É fato que telenovelas e modelos midiáticos existem mundo afora. O problema, alerta Olgária, é quando esse passa a ser o padrão de organização da sociedade. “Pensar a democracia no Brasil requer refletir, em particular, acerca da esfera pública cultural”, escreve ela em Discretas Esperanças.
Não se trata de condenar a cultura de massa porque ela é de massa. Preocupante é que todas as produções culturais passem a ser impregnadas pelos valores da mídia e da indústria do entretenimento e só exista isso como horizonte cultural “Quando tudo se transforma em divertimento e isso invade também os terrenos que não deveriam ser do divertimento, como a educação, aí você tem verdadeiras catástrofes”, diz Olgária.
Dilui-se assim a formação da sensibilidade, do gosto e do pensamento.
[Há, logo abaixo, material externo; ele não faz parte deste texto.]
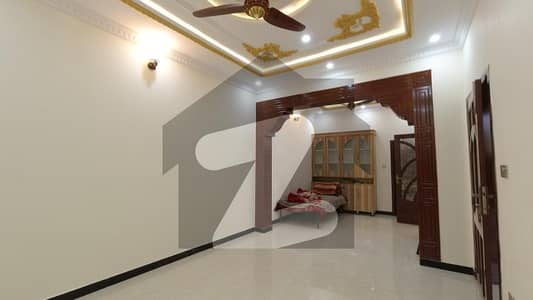Brand New Upper Portion 10 Marla-is Available For Rent In Gulshan Abad Sector 3 Rawalpindi.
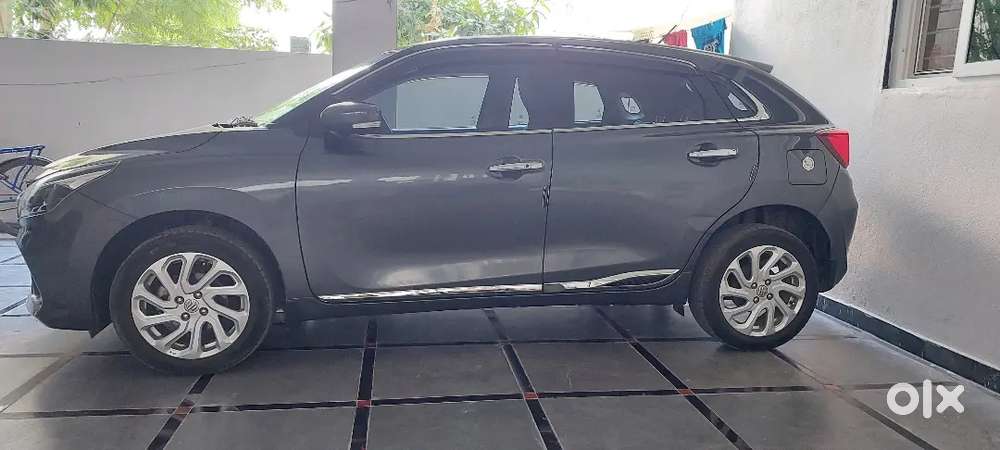 Maruti Suzuki Baleno Cng And Petrol 2023, Top End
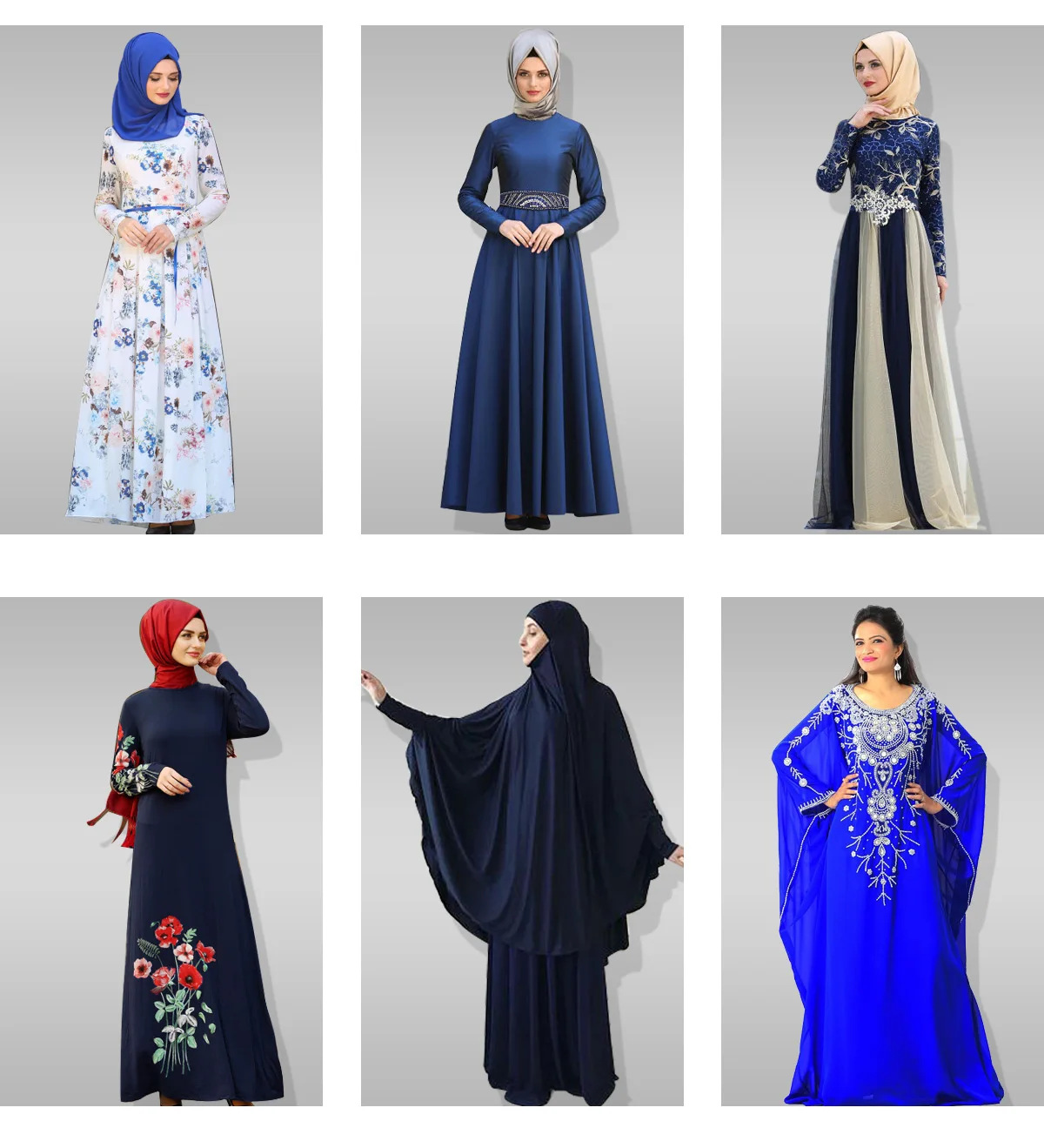 Dongguan Aiyan Garment Co Ltd Fashion Dress Muslim Clothing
Não por acaso, nesse mar de imagens, gentes e fatos irrelevantes, desaparece no horizonte a prática da leitura, como anota Olgária. “Vivemos num mundo em que tudo conspira contra a leitura, que é lenta, concentrada. Ela contraria a aceleração do tempo das mídias, da fama curta, ela é a longo prazo. A educação está invadida pela temporalidade do mercado financeiro, mas, para você aprender a se sentir solicitado por um texto, você precisa vencer resistências. Ler é um aprendizado, não é um dado imediato: você lê e já gosta.”
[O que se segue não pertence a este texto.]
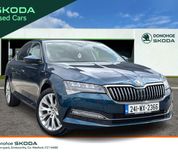 Skoda Superb 2024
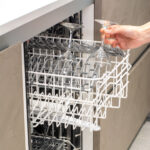 Lavavajillas integrable 60 cm - CATA LVI 61013, 13 servicios, 5 programas, 64,5 cm, Inox - Imagen 5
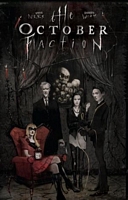 October Faction, Volume 1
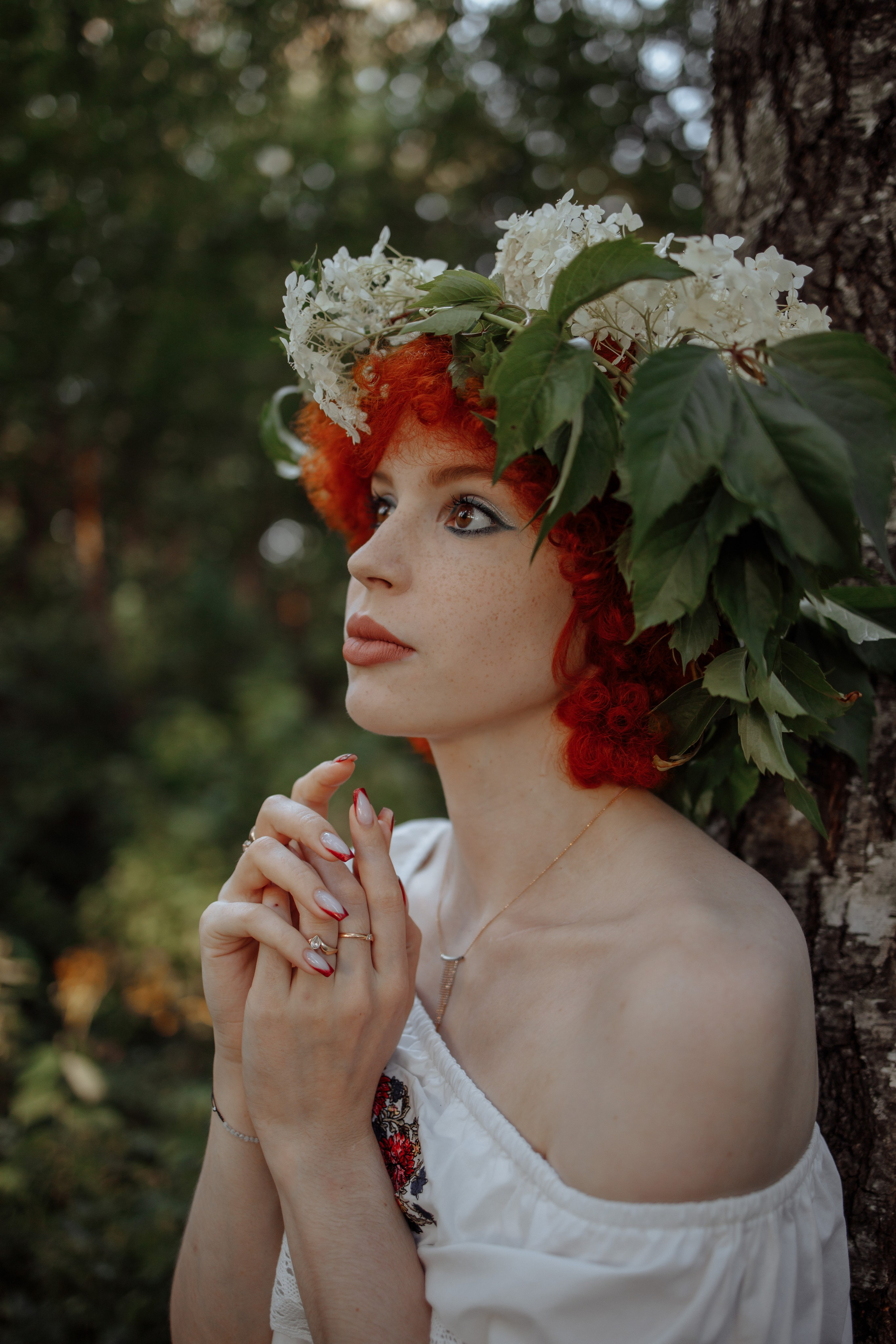 Женский портрет. Профессиональный фотограф в Ярославле Катерина Грехова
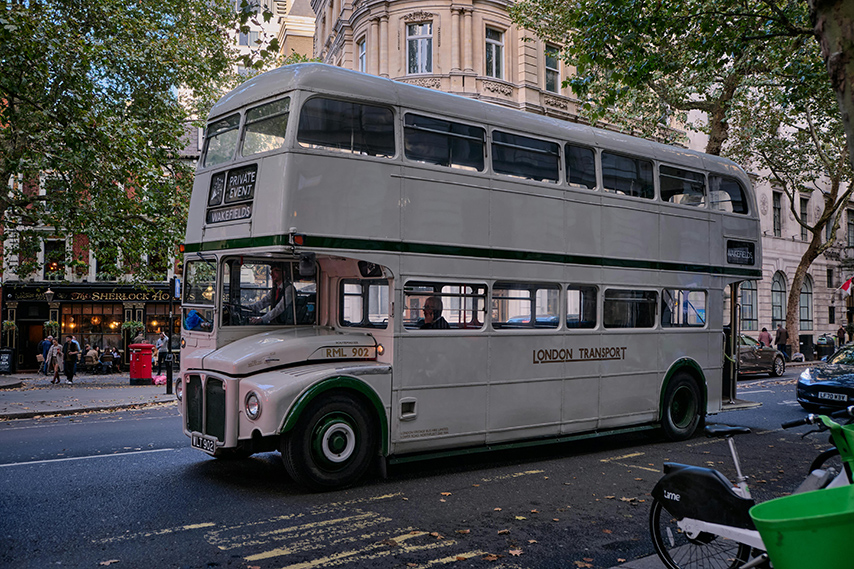 5 Must Try Resturants In Central London-Cover Image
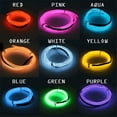 thumbnail image 1 of Blinkee 45000 12 ft. Electro Luminescent Wire, Blue, 1 of 1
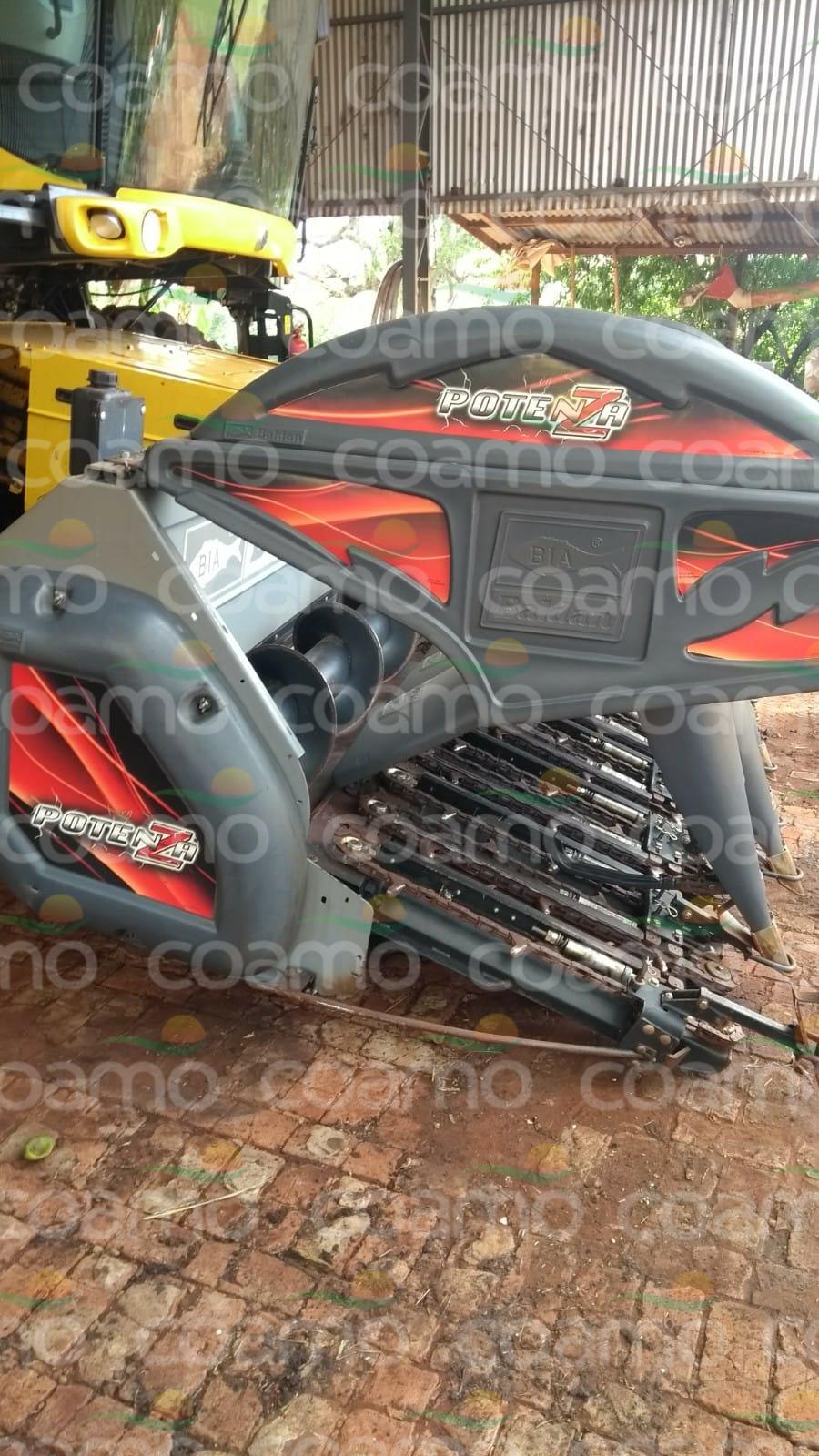Foto 8 - Plataforma de Milho Baldan Potenza ano 2013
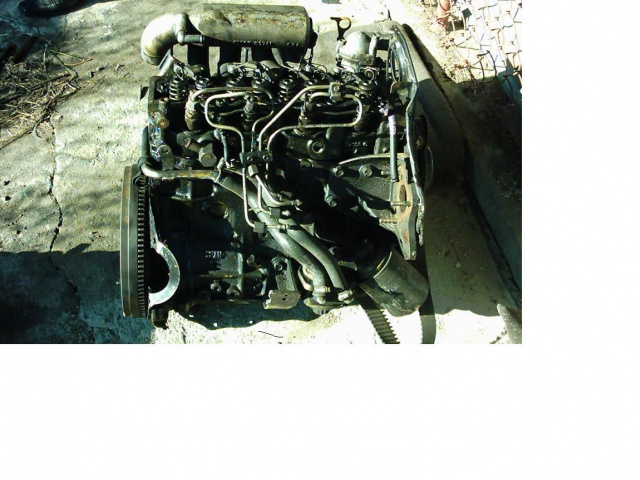 Двигатель NISSAN VANETTE 2.0 D 1992R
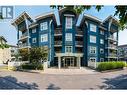 551 Yates Road Unit# 107, Kelowna, BC  - Outdoor With Facade 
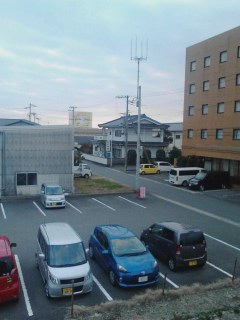 アンテナ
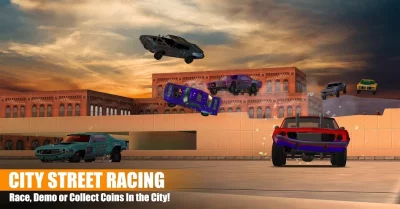Demolition Derby 2 screenshot №4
Augusto também não adere ao cordão “ler, como coçar, é só começar”. O jornalista lembra que não há ser neste mundo que tenha entrado nas trilhas da ficção pelas mãos de William Faulkner. As leituras de qualquer pessoa evoluem “à medida que seu repertório cognitivo consegue se ampliar e se sofisticar”. E, no Brasil, quem tem dinheiro para abrir a carteira numa livraria lê, geralmente, “os best-sellers computados pela Veja”. Quando lê. “A maior parte da humanidade começa lendo chorumelas, toma gosto pelo negócio, e morre lendo chorumelas. Por isso, mas não só por isso, se bem que muito por isso, a humanidade, em vez de caminhar, rasteja”, concluiu no texto de Penas do Ofício.
Se a paciência para a leitura tradicional escasseia, o mesmo não se pode dizer da leitura das pílulas internáuticas, em blogs e sites que existem à farta. É na internet, não por acaso, que se cruzam o desejo pela fama e o voyeurismo tolo. Quando Bruna Surfistinha, a mais famosa “ex-garota de programa” do Brasil, conta sua vida num blog e milhões de pessoas entram nesse blog, não é de espantar que Lucianas, Daniellas e Adrianes ajudem a vender revistas e jornais.
Sergio Augusto conta que, na Inglaterra, a imprensa dedicada aos “chiques e famosos” está sendo chamada de gutter press. Gutter, acorre o dicionário, significa sarjeta. No Brasil, ela continua sendo vista, apenas, como lucrativa.